We love reducing food waste!  One of the best ways to do this is storing fruits and veggies properly.  The best place to store all produce is in your belly.  The second best place for each item is listed here…

  • Apples: Store on a cool counter or shelf for up to two weeks. For longer storage, keep in a cardboard box in the fridge.
  • Bananas: Keep at room temperature, separate from other fruits
  • Berries: Place in a shallow, airtight container with a paper towel in the bottom to absorb excess moisture. Store in the fridge for up to a week.
    – Don’t forget, they’re fragile! When storing be careful not to stack too many high, a single layer if possible.
    -Immediately discard any soft or over-ripe berries. They will cause nearby berries to spoil faster.
    -Only wash when you are ready to eat them.
    – To freeze: wash berries and pat dry, and store in an airtight container in the freezer.

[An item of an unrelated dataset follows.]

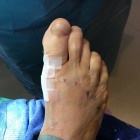 img arthrod�se et ost�otomie m�tatarsienne de r�alignement 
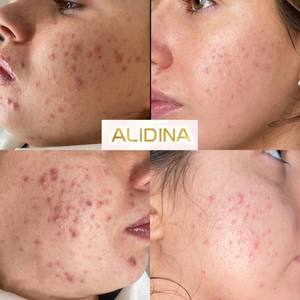 2026 Meilleures ventes : Éponges <span class=keywords><strong>BIO</strong></span> à spicules de <span class=keywords><strong>silice</strong></span>, alternative aux micro-aiguilles traditionnelles, pour traitement méso stimulant la derme et la surface cutanée - Product Image 5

  • Bok Choy: Refrigerate in a plastic bag and do not wash until you use
  • Broccoli: Store broccoli unwashed in an open plastic bag in the refrigerator for up to 7-10 days.
  • Cabbage: Keep it wrapped and store it in the crisper section of your refrigerator. Remove core when preparing.

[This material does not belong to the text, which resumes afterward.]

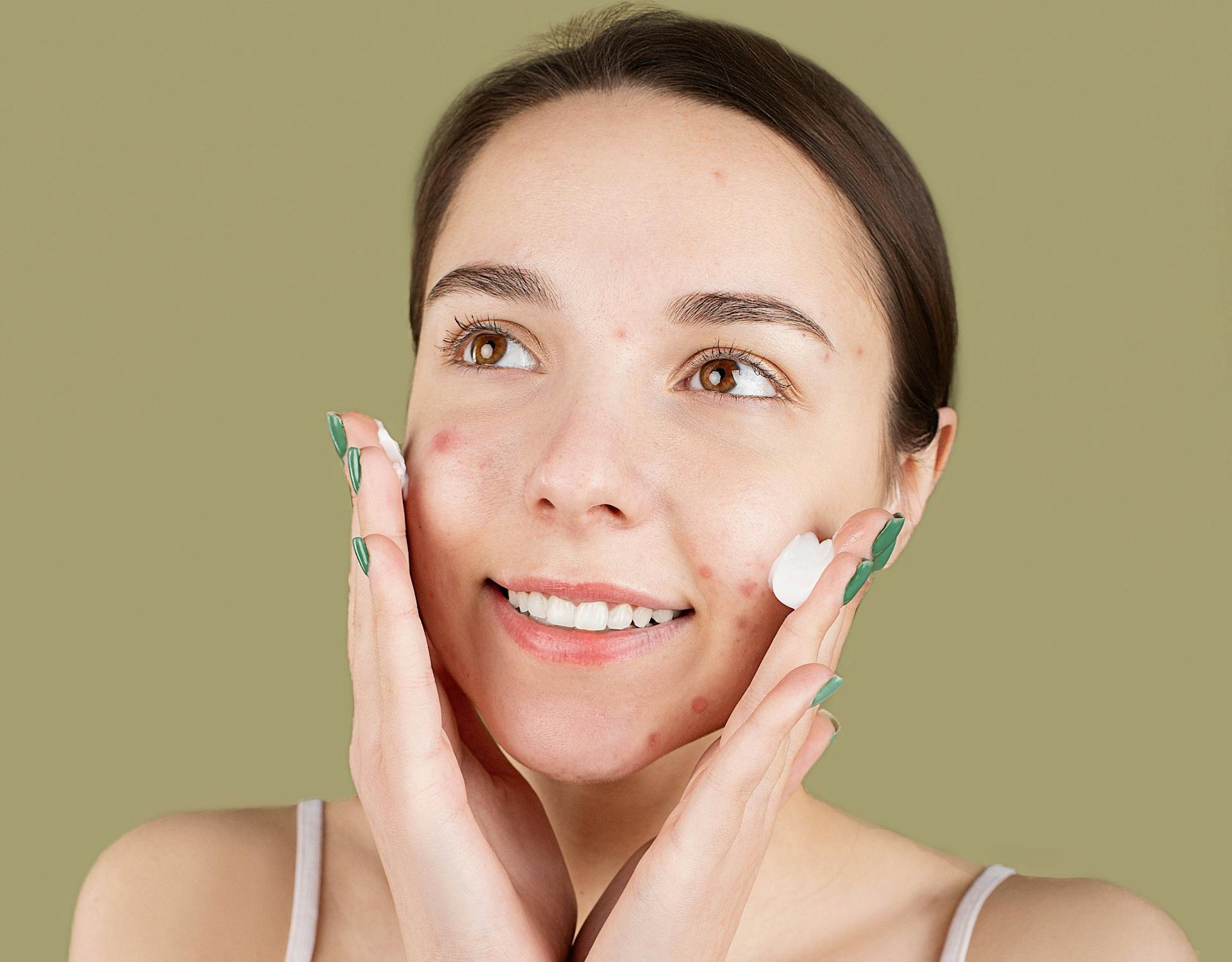 best acne treatment for teens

  • Carrots: The key to long-lasting carrots is storing them in a sealed container covered with a water bath (it really does work!)
    – Will keep in the fridge this way for 1 – 2 weeks and maintain crispness.
    – If consuming within a few days, can store in the crisper wrapped in a damp paper towel.
    – Cut the tops off to keep carrots firm (be sure to keep the greens!)
    – Leaving any top on root vegetables draws moisture from the root, making them loose flavor and firmness.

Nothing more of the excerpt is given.